Opinion: Debate will change if ACA is threatened

Five years after enactment of the Affordable Care Act, the political debate between its supporters and its opponents continues to rage with remarkably little change.

But the success of the law in extending insurance coverage to millions of Americans could dramatically change the terms of that debate if either the latest congressional Republican legislative assaults or a pending Supreme Court case threatens its future, enabling the Democrats to regain the offensive for the first time since the law was passed.

Predictable statements from both sides marked the law’s recent anniversary.

President Barack Obama and his Democratic allies used the occasion to cite the increasing statistical evidence that the landmark measure has succeeded in sharply reducing the number of Americans without health care coverage, slowing the growth rate of health care costs and proving less costly than even some backers had feared.

In those five years, the White House says, 16.4 million Americans have gained health insurance, reducing the percentage of uninsured Americans from 20.3 percent to 12.9 percent and the law’s projected 10-year cost by some $116 billion.

Republican critics, meanwhile, continue to denounce Obamacare as unworkable and costly. And they’re using their new congressional majorities to plot its destruction via the same legislative procedure the Democrats used to pass it while hoping the high court will help them by ruling out a key element in financing it.

Critics claim that the law has increased average deductibles by 40 percent for families, cost many people their existing insurance and imposed tax increases that have helped to slow the economic recovery from the Great Recession.

Last week, both House and Senate passed budgets that included provisions directing their legislative committees to draft measures to repeal the law. They plan to include it in the reconciliation measure that would implement their budget, since the Senate’s GOP majority can pass that without fear of a Democratic filibuster.

But the fate of any legislative challenge remains questionable as long as President Obama is in office, prepared to wield his veto pen. Meanwhile, supporters of the law are more concerned about the pending Supreme Court case challenging the validity of tax credits for more than 7.5 million people who purchased health insurance from the federal government’s exchange, rather than from ones operated in 13 states.

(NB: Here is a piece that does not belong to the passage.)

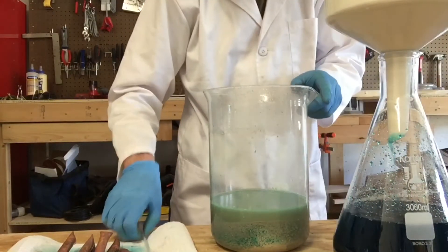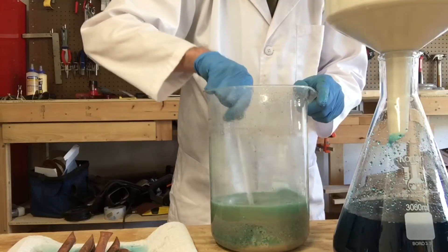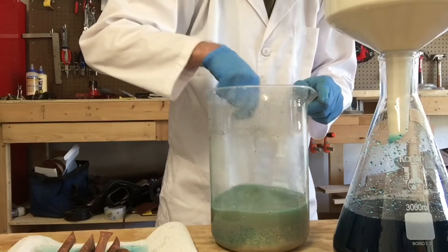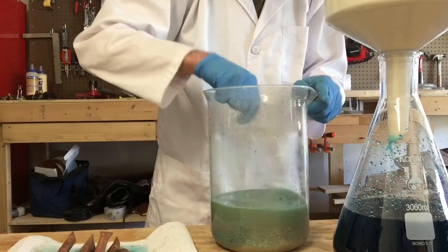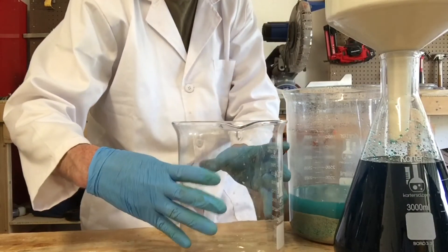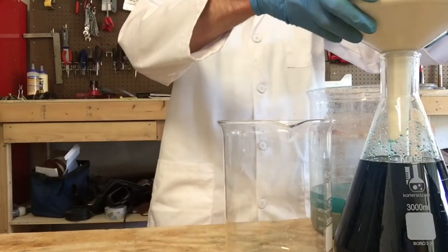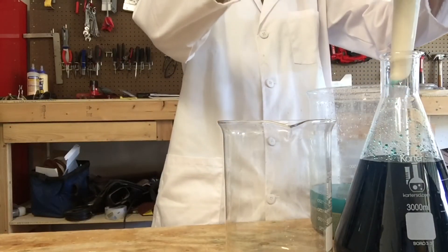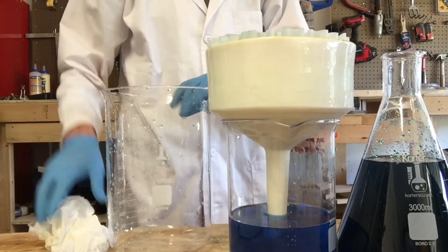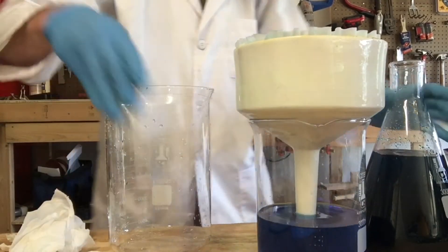I diluted my liquid a little bit. We're going to try to get some of that green copper color that's sticking to the silver cleaned up real nice. We're getting kind of full so I'm going to move my Buchner funnel over and get this finished up. I just cleaned up my large beaker with distilled water and poured this back in.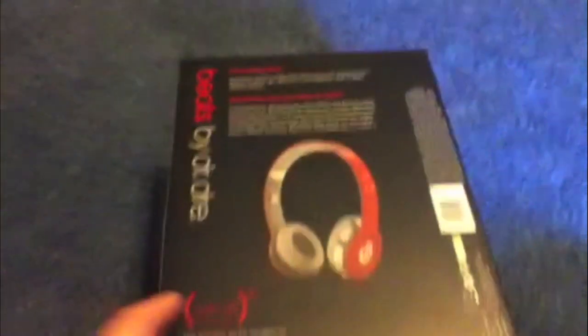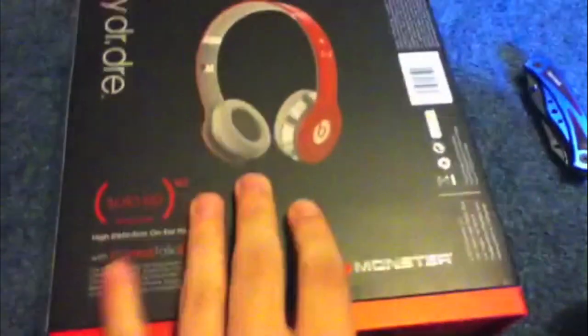How's it going guys? I got a really good unboxing for you today. I got the Beats by Dr. Dre Solo HD Red Special Edition. I don't know why it's special, but here it is. It just tells about what it is right here, how amazing it is, and honestly I think the price is going to be worth it, because I've heard a lot of good things about these.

Some congressional Republicans have indicated that, if the court sides with the challenge, they would press forward with an alternative to the Affordable Care Act that would preserve such popular features as the protection against being denied coverage because of pre-existing conditions and raising the age for letting young people remain on their parents’ insurance plans.

In any case, if either legislation or the Supreme Court cripples the law, and Congress fails to restore its principal provisions, the resulting debate could focus less on the merits of the law than on the impact of the loss of benefits for many of its 16 million beneficiaries, who have gained access to insurance or received expanded Medicaid benefits from many states.

That, in turn, could give the Democrats the political high ground they lacked as long as the debate centered on enactment of a law that a majority of Americans opposed. That’s because recent polls show only a minority wants to scrap it while a majority wants Congress and the Obama administration to find ways to fix its flaws.

But the prospect of a changed political climate shows no sign of stopping either the array of Republican presidential hopefuls vowing to repeal the law in 2017 or the congressional Republicans from proceeding against it now.